Davvero pensavate avrei inserito “Enema Of The State” solo per la mia scelta di titolo e copertina dell’articolo? Ebbene no, sarebbe stato troppo facile. E poi “Take Off Your Pants And Jacket” non è più frutto del caso, la fama va riconquistata e le canzoni scritte con la stessa strapotenza del proprio bestseller per essere davvero pop. E i Blink non solo ce la fanno, ma si surclassano e piantano un chiodo nella futura bara del genere. Oltre questo punto il nulla, anche per loro stessi. C’è tutto qui, dal concept sulla vita dei teenager, alle tensioni interne alla band, ai video demenziali (First Date è un capolavoro), una produzione che suona moderna pure oggi (quella di “Enema” molto meno) e una resa strumentale che per il genere è inusitata, merito anche di Barker che è ormai alieno tra i comuni esseri umani che si abbassano i pantaloni e lo ficcano. E poi c’è la hidden track Fuck A Dog. Null’altro da aggiungere, vostro onore.

Sum 41 – All Killer, No Filler (2001)

“I Sum 41 sono i NOFX canadesi”. Non l’ho mai sentito dire, ma avrei voluto, perché le similitudini tra la band di Deryck Whibley e quella di Fat Mike sono parecchie, a partire dalla velocità media dei brani inclusi nel loro debutto al fulmicotone. Ma c’è altro da queste parti, perché i quattro sembrano attratti anche dai Beastie Boys, come dimostra la rappusa Fat Lip (della quale conservo ancora il CD singolo, e pure gelosamente) che fonde pop punk ai botta e risposta del trio newyorkese, una sonora dose di schitarrate dal gusto metallico (Pain For Pleasure è ridicolmente heavy metal) e una serie di anthem immortali.

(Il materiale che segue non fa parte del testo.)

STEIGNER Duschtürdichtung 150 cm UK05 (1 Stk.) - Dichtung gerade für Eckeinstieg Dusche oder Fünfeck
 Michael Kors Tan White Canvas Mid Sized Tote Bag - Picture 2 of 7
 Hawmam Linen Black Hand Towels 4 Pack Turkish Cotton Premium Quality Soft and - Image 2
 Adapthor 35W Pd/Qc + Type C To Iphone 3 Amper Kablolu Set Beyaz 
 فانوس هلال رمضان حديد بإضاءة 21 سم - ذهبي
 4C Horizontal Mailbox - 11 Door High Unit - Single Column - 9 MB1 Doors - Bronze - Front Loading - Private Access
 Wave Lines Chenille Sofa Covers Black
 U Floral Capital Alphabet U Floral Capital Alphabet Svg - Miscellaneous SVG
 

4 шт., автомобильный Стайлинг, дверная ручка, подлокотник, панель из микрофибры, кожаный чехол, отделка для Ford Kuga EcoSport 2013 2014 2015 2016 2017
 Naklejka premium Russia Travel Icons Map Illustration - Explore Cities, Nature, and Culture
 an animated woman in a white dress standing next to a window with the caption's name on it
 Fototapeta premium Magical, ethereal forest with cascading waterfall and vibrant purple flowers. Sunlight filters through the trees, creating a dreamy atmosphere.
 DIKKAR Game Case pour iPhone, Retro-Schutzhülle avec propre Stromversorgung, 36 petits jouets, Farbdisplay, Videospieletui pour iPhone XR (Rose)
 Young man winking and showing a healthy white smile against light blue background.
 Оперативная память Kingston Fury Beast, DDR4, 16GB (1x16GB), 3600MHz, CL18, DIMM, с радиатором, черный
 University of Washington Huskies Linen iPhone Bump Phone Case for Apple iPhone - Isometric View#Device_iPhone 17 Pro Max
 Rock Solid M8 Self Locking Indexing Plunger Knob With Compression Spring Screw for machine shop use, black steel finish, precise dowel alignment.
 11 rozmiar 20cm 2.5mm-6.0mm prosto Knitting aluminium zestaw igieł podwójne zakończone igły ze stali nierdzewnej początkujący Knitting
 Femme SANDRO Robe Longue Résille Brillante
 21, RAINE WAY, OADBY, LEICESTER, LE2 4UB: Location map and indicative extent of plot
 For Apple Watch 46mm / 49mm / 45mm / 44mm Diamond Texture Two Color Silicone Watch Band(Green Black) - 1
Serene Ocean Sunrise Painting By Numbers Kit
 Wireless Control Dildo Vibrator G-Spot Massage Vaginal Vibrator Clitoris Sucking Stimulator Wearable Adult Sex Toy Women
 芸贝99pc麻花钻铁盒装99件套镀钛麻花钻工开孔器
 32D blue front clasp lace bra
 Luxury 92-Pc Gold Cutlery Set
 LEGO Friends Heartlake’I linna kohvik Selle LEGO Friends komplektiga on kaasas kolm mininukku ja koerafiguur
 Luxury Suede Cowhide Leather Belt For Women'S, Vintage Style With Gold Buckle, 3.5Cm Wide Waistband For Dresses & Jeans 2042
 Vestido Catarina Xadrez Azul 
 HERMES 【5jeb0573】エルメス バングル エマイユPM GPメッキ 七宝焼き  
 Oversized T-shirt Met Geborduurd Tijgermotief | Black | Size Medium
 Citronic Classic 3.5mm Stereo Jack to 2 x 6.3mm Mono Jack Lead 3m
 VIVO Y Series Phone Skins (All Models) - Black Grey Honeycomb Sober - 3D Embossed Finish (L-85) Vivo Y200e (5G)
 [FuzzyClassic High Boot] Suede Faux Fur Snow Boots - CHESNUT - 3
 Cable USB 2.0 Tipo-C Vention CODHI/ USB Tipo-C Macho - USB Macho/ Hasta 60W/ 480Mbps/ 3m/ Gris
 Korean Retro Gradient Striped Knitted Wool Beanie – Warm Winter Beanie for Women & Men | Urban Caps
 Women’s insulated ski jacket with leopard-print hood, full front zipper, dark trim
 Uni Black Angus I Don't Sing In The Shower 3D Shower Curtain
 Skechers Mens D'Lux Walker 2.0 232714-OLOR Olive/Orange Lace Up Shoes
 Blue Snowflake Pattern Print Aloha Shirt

The Offspring – Americana (1998)

Ero tentato di inserire “Ixnay On The Hombre” ma è vero che quel disco stava solo gettando le basi per costruire un ponte tra l’hardcore degli esordi e quello che sarebbero stati (catastroficamente) gli Offspring. È con “Americana” che la band di Dexter Holland assaggia il nettare del pop e comincia a scrivere come vecchi punk scafati che vogliono scalare le vette delle chart. E lo fanno, arrivano all’Olimpo senza svendere del tutto il proprio passato ma infilandoci di tutto, e così Pretty Fly (For A White Guy) e Why Don’t You Get A Job finiscono nelle compilation estive poppettare, i fighetti scoprono il punk e non lo sanno, MTV li ingloba e non li molla più. Il mio pezzo prefe di sempre però rimarrà She’s Got Issues. A loro sì che ho sentito gridare “venduti!” e mi sa che a ‘sto giro non c’è nulla da ridire.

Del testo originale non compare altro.